Is my dormant company ‘small’?
In accordance with section 480 of the Companies Act 2006, small dormant companies may claim exemption from audit.
Your limited by guarantee company will qualify as small if it satisfied at least two of the following conditions prior to becoming dormant:
- a turnover of £10.2 million or less
- £5.1 million or less on its balance sheet
- 50 employees or less
In addition to sending dormant accounts to Companies House and being exempt from audit, a small company can:
- choose whether or not to send a copy of the profit and loss statement and director’s report to Companies House
- send abridged accounts (rather than full accounts) to Companies House
Audit exemption statements
If your dormant company is exempt from audit, the following statements will appear above the director’s name in the dormant accounts:
- For the year ending (dd/mm/yyyy), the company was entitled to exemption from audit under section 480 of the Companies Act 2006 relating to dormant companies
- The members have not required the company to obtain an audit of its accounts for the year in question in accordance with section 476
- The directors acknowledge their responsibilities for complying with the requirements of the Act with respect to accounting records and the preparation of accounts
If the company also qualifies as small, the following statement will show on the balance sheet:
“These accounts have been prepared in accordance with the provisions applicable to companies subject to the small companies regime.”
Dormant companies and HMRC
Normally, dormant companies do not have to submit accounts to HMRC. The reason is that dormant companies are not liable to Corporation Tax and do not file Company Tax Returns with HMRC.
However, if a company becomes dormant part-way through its financial year, or has any significant transactions that forfeit its dormant status, the director(s) must prepare a Company Tax Return and full annual accounts for HMRC.
Do I still need to file a confirmation statement?
Regardless of whether your company is dormant from incorporation, or stops trading after a period of activity, you must continue to prepare a confirmation statement for Companies House each year.
Additionally, you must:
- keep the company’s statutory registers up to date
- make these registers available for inspection at the registered office or SAIL address
- report certain changes to Companies House – e.g. a change of company name, registered office address, guarantors’ details, information about people with significant control (PSCs)
Whilst your company may be dormant, you are still duty-bound as a director to ensure that all necessary details are kept up to date in your own statutory registers and the public register at Companies House.
If a dormant company starts trading
If a dormant company starts trading or forfeits its dormant status in some way, the director(s) will notify Companies House by submitting non-dormant accounts by the next filing deadline.
There is no need to tell Companies House prior to this date that the company has started doing business, and/or is no longer dormant for that financial year.
Within three months of starting to trade, the company must also register for Corporation Tax.
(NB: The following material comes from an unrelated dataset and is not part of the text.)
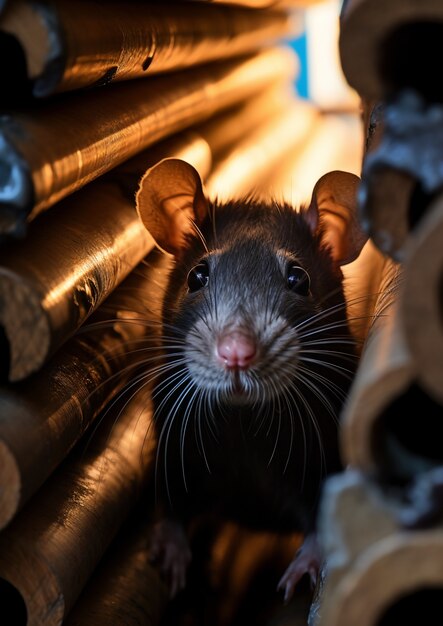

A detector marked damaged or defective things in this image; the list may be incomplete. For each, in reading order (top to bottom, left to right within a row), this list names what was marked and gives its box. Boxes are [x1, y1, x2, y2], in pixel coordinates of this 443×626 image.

rusty metal [0, 45, 298, 233]
rusty metal [0, 0, 302, 96]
After the end of the Corporation Tax accounting period, the company will be required to prepare a Company Tax Return and full annual accounts for HMRC.
Depending on the company’s turnover or activities, VAT registration may also be necessary. Some businesses choose to register for VAT voluntarily, even if their turnover is below the registration threshold (currently £85,000 for the 2023/24 tax year).
If you decide to close a dormant company
If you no longer need your dormant company limited by guarantee, you can apply to Companies House to have it struck off the register and dissolved. Upon doing so, the company will cease to exist.